As part of the battle against childhood obesity, the Education and Inspections Bill, guided through the Commons this week by the Secretary of State for Education Alan Johnson MP, places new obligations on schools to improve the nutritional standards of school food. The Bill, opposed by Liberal Democrat MPs, also bans the sale of junk food in school vending machines and tuck shops.


The Liberal Democrats claim that charges are the way to further increase spending on school meal ingredients, even though expert opinion shows that many different factors make up the cost of school meals and reintroducing charges would harm the progress made in Hull on increasing the take-up of the healthy meals. Conservative Group Leader Cllr John Fareham told the Hull Daily Mail on 24 March that Tories opposed universal free school meals because "it perpetuates a culture of state reliance".

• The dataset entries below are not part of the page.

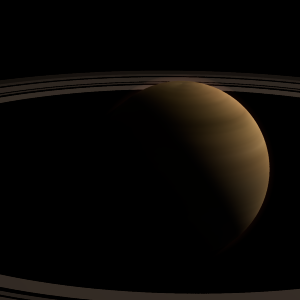 The artist's impression of HD 125390 b artist's rendition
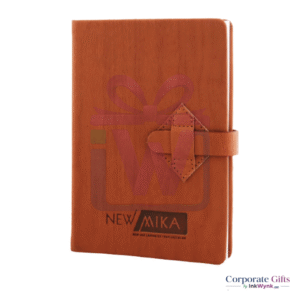 A5 Size Promotional Hard Cover Notebook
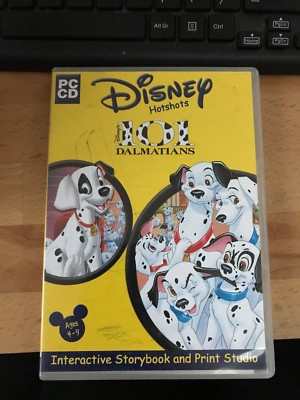 Disney Hotshots 101 Dalmatiner (PC, 1997) [Disc sehr guter Zustand]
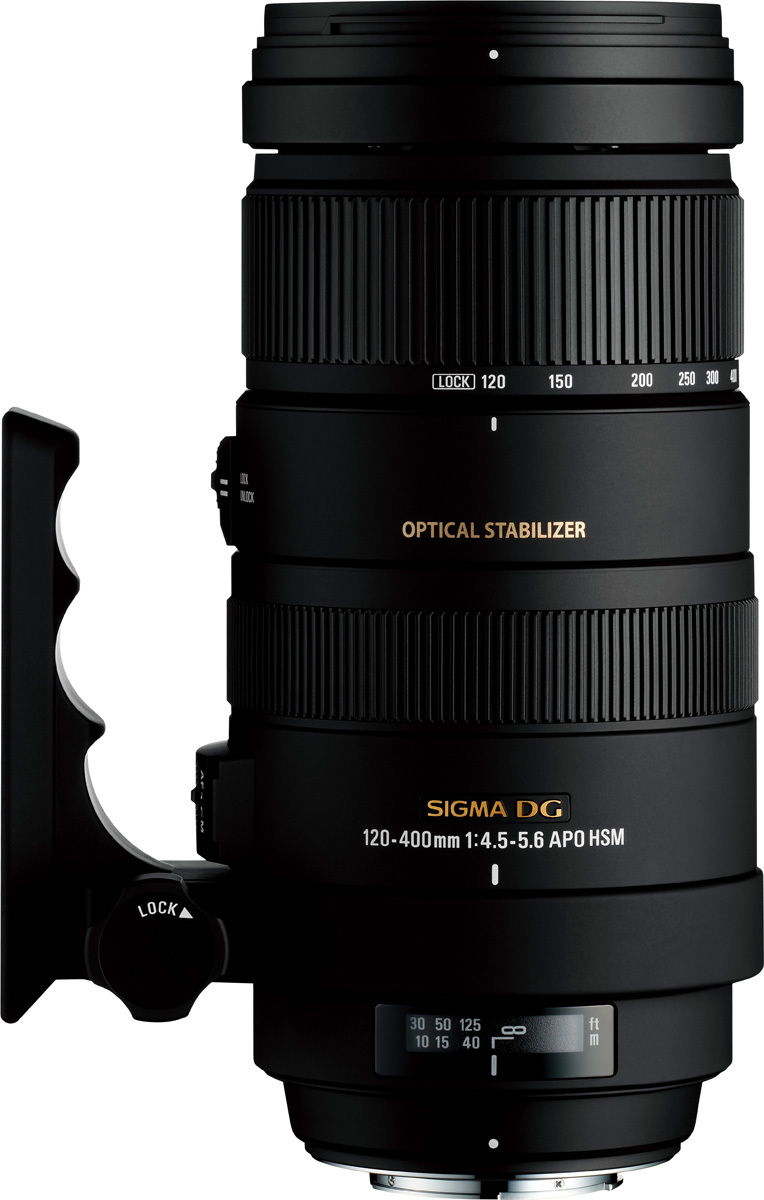 レンズ(ズーム) NIKON SIGMA APO 120-400mm F DG OS HSM Specificaties van Sigma 120-400mm F4.5-5.6 APO DG OS HSM (Nikon
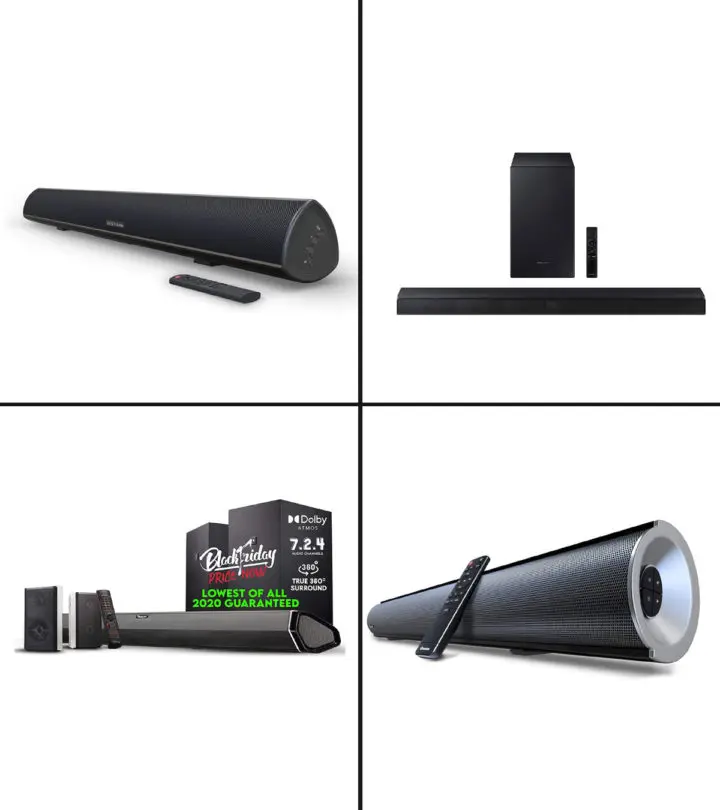 13 Best Soundbar Speakers To Buy In 2020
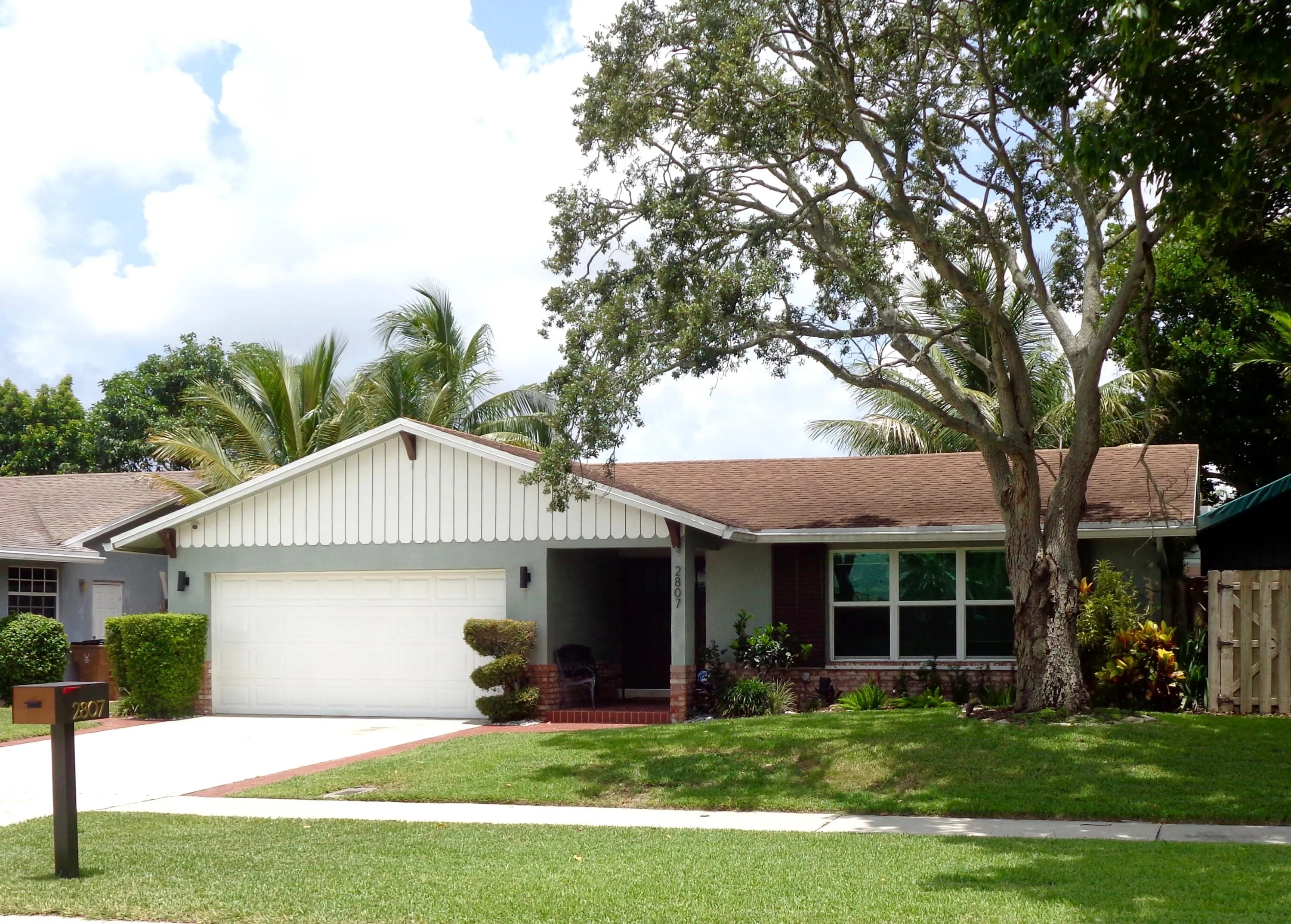 Front of home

Speaking after the Commons debate, Diana Johnson MP added: "In their joint policy, Hull's Liberal Democrats and Tories regard universal provision of free school meals as a welfare measure aimed only at the lowest income families. In reality, Labour's 'Eat Well, Do Well' policy promoted healthier eating for all children, because the problems of poor diet and obesity go further up the income range than the entitlement to means-tested benefits.


"Making many parents pay a significant amount - perhaps up to £10 every school week for each of their children - would reverse the improved take-up of healthy school meals and contribute towards the public health time-bomb ticking in a generation of Hull children. The extra cost would deter some parents, as would the pointless extra bureaucracy and the potential stigma that can accompany means-testing.


"The Liberal Democrat reintroduction of means-testing into primary school food is also sheer hypocrisy after their criticism of the Government for using means-testing to direct extra help to the least well off in areas such as pensions.


"The key objective for Hull is to further increase, not decrease, the take-up of healthy school meals by continuing improvements in the quality of ingredients, meeting the new higher standards set by the Labour Government, and presenting school food in ways that attract youngsters. It is also important that the message goes out to parents that healthy food for children, at school and at home, need not be prohibitively expensive.


"Hull's universal free healthy school meals policy needs to be developed further - not abandoned. I look forward to campaigning with Hull parents and others on this vital issue."